◆ What to produce
Look below for the line that has "Thumbnail for your". Set down the lines from there through the line that has "تصویر BB کرم", exactly as written.

◆ Input records
________

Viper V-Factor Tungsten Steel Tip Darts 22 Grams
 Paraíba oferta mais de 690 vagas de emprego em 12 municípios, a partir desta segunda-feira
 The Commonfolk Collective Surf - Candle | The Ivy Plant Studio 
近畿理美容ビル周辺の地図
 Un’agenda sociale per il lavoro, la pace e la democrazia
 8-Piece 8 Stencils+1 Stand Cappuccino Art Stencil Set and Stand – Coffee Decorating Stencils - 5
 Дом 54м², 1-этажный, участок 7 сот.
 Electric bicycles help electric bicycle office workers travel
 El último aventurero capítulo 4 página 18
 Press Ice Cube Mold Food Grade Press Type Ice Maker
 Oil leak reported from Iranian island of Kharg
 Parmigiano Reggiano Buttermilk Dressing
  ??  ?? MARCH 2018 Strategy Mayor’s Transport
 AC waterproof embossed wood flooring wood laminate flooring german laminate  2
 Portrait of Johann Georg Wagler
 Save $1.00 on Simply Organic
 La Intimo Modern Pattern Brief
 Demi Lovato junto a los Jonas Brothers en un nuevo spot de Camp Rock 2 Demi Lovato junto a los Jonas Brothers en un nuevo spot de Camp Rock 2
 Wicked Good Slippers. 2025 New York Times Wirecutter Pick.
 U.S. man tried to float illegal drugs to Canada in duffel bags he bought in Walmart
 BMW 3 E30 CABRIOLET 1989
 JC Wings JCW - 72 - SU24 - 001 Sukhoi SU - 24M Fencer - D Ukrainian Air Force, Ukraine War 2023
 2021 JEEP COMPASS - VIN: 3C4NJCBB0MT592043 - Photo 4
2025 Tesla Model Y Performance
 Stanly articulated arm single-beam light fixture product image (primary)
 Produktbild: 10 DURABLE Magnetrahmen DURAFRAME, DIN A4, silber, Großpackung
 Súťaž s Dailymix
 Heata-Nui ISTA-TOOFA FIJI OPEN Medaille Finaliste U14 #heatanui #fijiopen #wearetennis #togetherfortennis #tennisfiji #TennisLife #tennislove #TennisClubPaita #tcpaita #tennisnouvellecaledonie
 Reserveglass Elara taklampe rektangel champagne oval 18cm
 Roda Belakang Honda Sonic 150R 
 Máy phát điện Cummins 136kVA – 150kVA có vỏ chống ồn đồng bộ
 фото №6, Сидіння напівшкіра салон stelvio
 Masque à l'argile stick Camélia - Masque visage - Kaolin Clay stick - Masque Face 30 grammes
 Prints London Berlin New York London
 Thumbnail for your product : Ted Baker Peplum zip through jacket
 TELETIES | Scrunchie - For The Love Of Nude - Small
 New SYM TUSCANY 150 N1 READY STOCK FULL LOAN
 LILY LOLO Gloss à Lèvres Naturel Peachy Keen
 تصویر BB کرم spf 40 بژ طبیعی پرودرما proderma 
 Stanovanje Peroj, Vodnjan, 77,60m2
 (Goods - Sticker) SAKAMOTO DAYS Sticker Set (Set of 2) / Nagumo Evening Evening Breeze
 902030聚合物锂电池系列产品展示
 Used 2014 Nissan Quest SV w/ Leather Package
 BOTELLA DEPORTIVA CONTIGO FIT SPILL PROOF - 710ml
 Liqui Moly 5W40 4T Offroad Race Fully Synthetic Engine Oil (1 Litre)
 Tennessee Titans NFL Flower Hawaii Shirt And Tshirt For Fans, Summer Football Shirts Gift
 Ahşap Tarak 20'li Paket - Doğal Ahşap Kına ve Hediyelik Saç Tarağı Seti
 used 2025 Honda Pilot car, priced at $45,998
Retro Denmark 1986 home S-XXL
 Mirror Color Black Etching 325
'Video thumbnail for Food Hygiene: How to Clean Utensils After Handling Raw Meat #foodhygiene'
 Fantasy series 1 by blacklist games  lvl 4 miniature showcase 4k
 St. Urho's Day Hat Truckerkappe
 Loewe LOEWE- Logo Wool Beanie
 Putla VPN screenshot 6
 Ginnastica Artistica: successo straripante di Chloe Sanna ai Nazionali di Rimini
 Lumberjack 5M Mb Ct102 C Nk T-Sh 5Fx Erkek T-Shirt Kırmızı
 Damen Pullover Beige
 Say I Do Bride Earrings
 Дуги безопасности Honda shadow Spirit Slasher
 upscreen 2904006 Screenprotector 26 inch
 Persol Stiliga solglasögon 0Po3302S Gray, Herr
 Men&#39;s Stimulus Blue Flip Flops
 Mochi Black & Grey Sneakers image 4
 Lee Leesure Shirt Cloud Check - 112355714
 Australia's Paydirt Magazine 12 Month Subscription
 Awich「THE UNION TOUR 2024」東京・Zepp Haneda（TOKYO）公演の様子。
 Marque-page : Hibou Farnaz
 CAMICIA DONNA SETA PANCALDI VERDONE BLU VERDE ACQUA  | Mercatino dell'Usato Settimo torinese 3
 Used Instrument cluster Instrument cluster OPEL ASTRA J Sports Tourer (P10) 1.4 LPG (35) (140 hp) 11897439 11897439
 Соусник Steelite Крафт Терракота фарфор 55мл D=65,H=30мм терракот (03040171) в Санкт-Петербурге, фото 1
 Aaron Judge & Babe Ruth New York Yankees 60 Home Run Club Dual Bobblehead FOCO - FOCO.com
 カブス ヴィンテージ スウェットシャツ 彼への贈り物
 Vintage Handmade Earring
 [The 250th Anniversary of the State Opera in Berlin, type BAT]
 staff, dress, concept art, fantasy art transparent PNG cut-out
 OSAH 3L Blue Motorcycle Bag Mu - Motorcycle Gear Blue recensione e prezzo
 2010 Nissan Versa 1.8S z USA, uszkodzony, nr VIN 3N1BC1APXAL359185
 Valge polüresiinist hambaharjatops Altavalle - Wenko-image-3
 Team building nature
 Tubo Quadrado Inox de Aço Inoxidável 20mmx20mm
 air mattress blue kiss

________

◆ Reply to the task
 Thumbnail for your product : Ted Baker Peplum zip through jacket
 TELETIES | Scrunchie - For The Love Of Nude - Small
 New SYM TUSCANY 150 N1 READY STOCK FULL LOAN
 LILY LOLO Gloss à Lèvres Naturel Peachy Keen
 تصویر BB کرم spf 40 بژ طبیعی پرودرما proderma 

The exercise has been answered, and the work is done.